You can learn about that on our Soul Shepherding website.
In addition to those tools that Kristi is mentioning, we have webinars, a growing library of webinars, that can help you.
Many of the things that we’ve learned from Dallas Willard are in our Network and it’s because there are things that we can do.
In closing I want to mention one more practical thing that you can do when you’re dealing with anxiety.
As Kristi is saying, when you’re overloaded with stress or when you’re afraid, on a temporary basis, avoid that situation.
We want to give you that grace, but then we want you to seek support and care to understand what’s going on.
From that place you can do and exercise that we call, To Watch and Pray with Jesus.
This is where you do a meditation on Scripture.

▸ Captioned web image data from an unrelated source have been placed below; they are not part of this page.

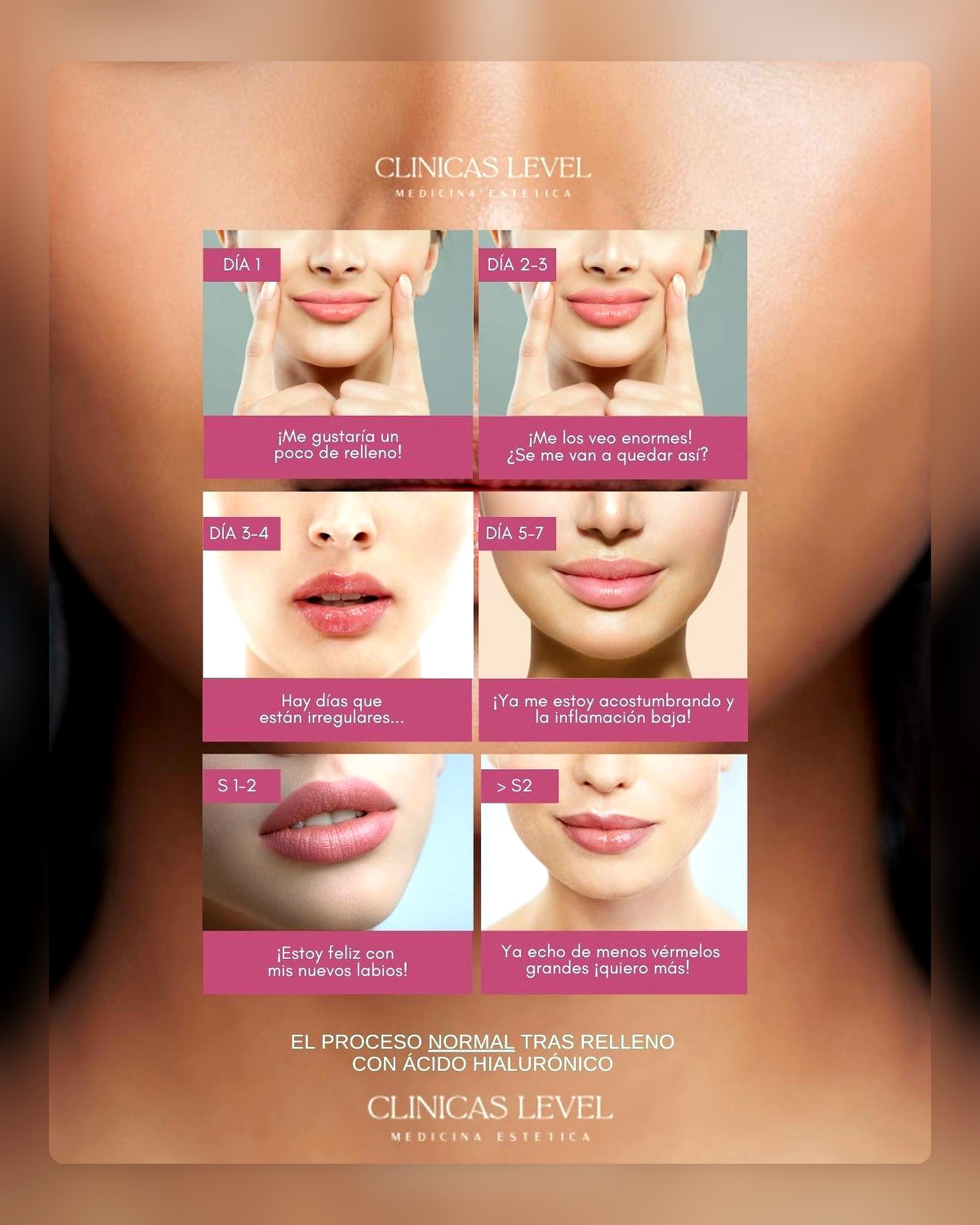 Aumento de labios y medicina estética facial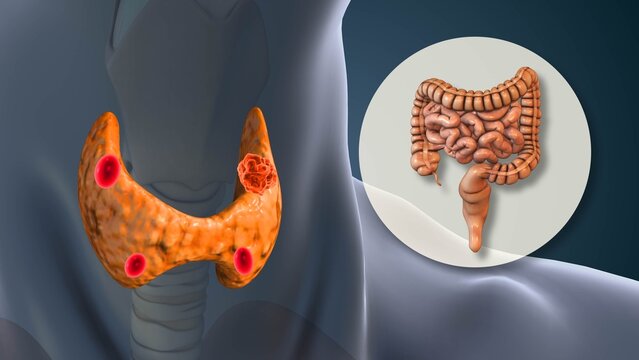 Hyperparathyroidism Stimulating Small Intestine Calcium Absorption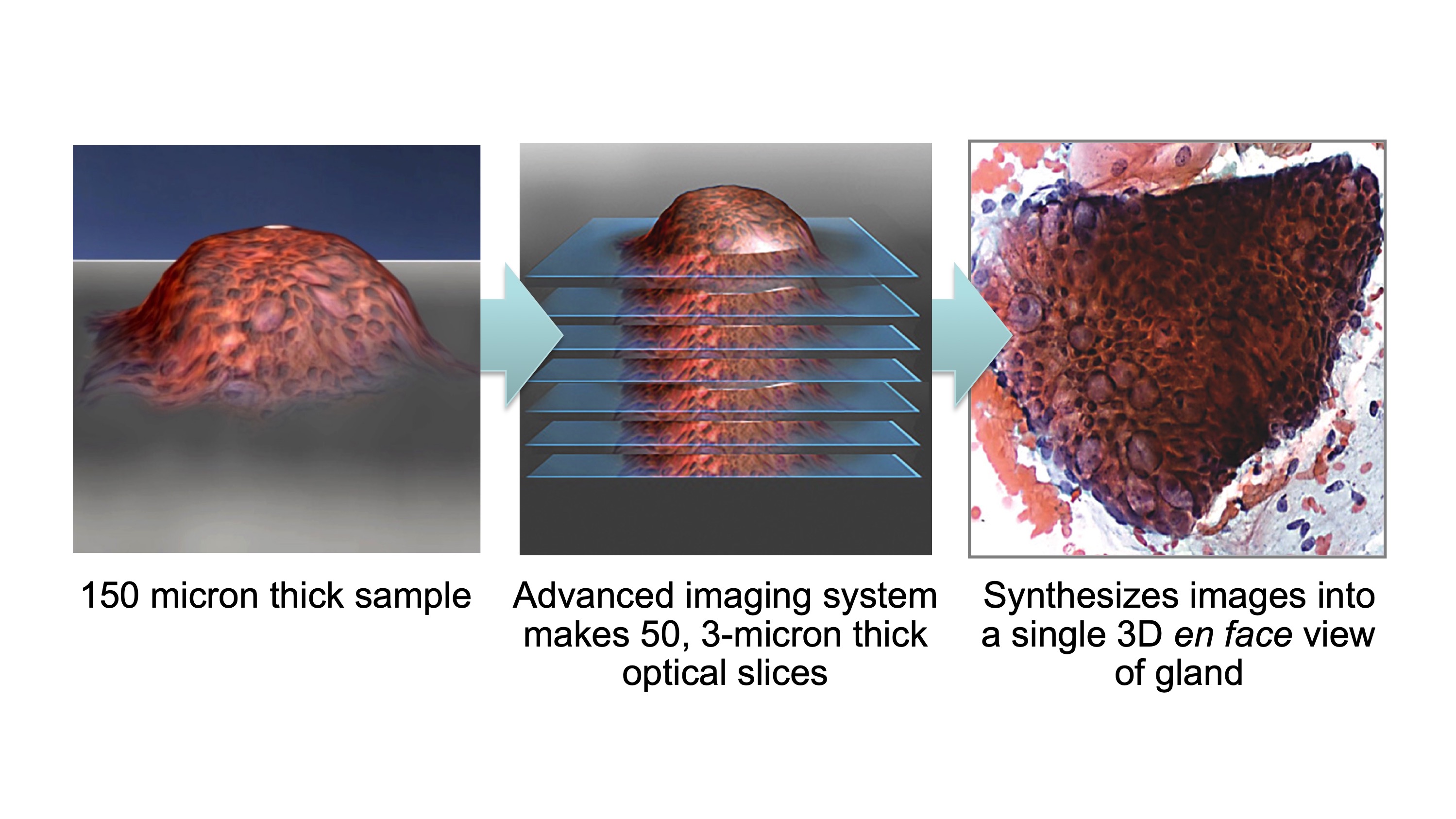 WATS3D imaging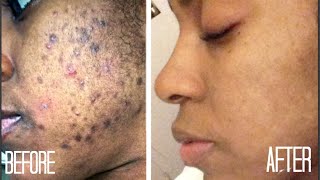 SKIN| How I Got Rid of Dark Scars (Hyperpigmentation) & Acne + GIVEAWAY!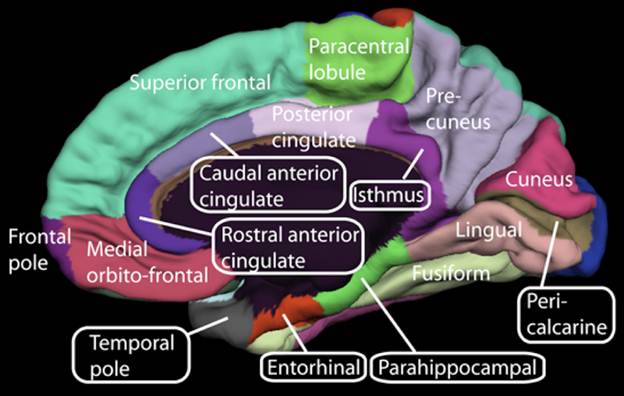 A colorful brain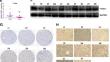 FOXC1 transcriptionally suppresses ABHD5 to inhibit the progression of renal cell carcinoma through AMPK/mTOR pathway.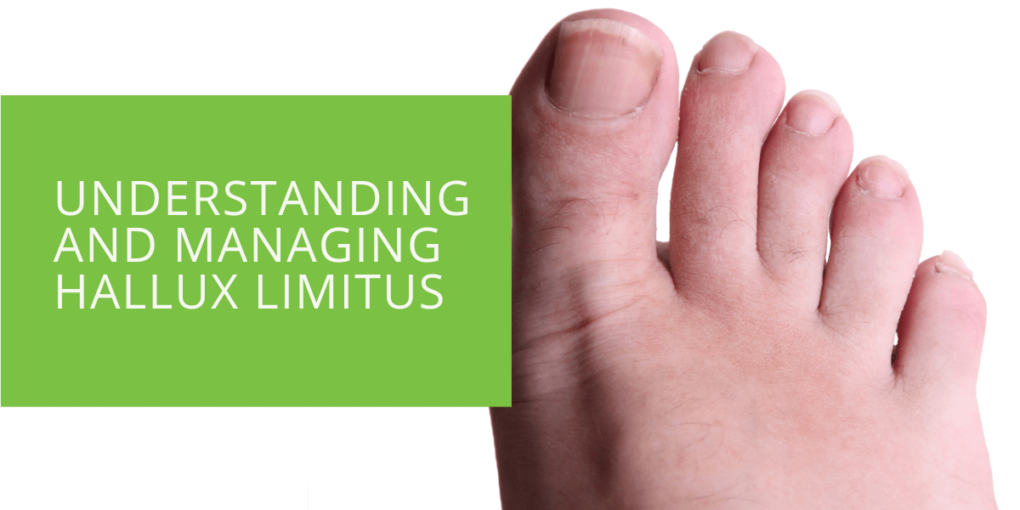 Understanding and Managing Hallux Limitus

Then as you are meditating on Scripture and maybe doing a breath prayer, you are learning to experience God’s peace.
When you talk with, for example, one of our Soul Shepherding Spiritual Directors or Coaches, they will minister God’s peace to you because they have learned these things that we’re talking about.
That’s how we internalize peace.
The best way is through a relationship of course, from the Lord himself.
But sometimes we need a Christ ambassador who helps us to experience that sense of God’s presence, grace, and comfort that can bring us peace.
You can be guided in a meditation. We do this in our Soul Shepherding Institute.
We don’t just talk at people and teach stuff.
We actually do stuff.
We do Scripture meditation together.
We do Soul Talk in groups.
We do, what we call TLC time, time To Love Christ together in solitude and silence.
We’re all practicing this together.
Then we come back and process by listening to each other after our time apart.
Through each other, we can receive more of God’s peace and what our Coaches and Spiritual Directors can do.
They can guide you in this sort of Watch and Pray process.
While you are meditating on Scripture and as you’re experiencing God’s peace, then we’ll say, “Okay, now I want you to talk to the Lord about that situation that you are afraid of, that stress in your life that you’re wanting to avoid.”
“Just name that to the Lord and tell the Lord how you feel about that.”
Then you return to your meditation.
Peace be still, Jesus says in the storm or In Jesus’ name, not my strain…Different thoughts that might come from Scripture or different breath prayers that we teach.
We’re integrating the sense of peace that we can receive from God’s word, from our Coach, or Spiritual Director, from the Lord.
We’re integrating that peace with the stress, conflict or pain in our life. That’s where we need it.
When we can face that situation through meditation, through talking to somebody, then that helps us to face the situation in our behavior and in our actual life.
That’s a Watch and Pray exercise, and that’s an additional tool that is in our Soul Shepherding Network.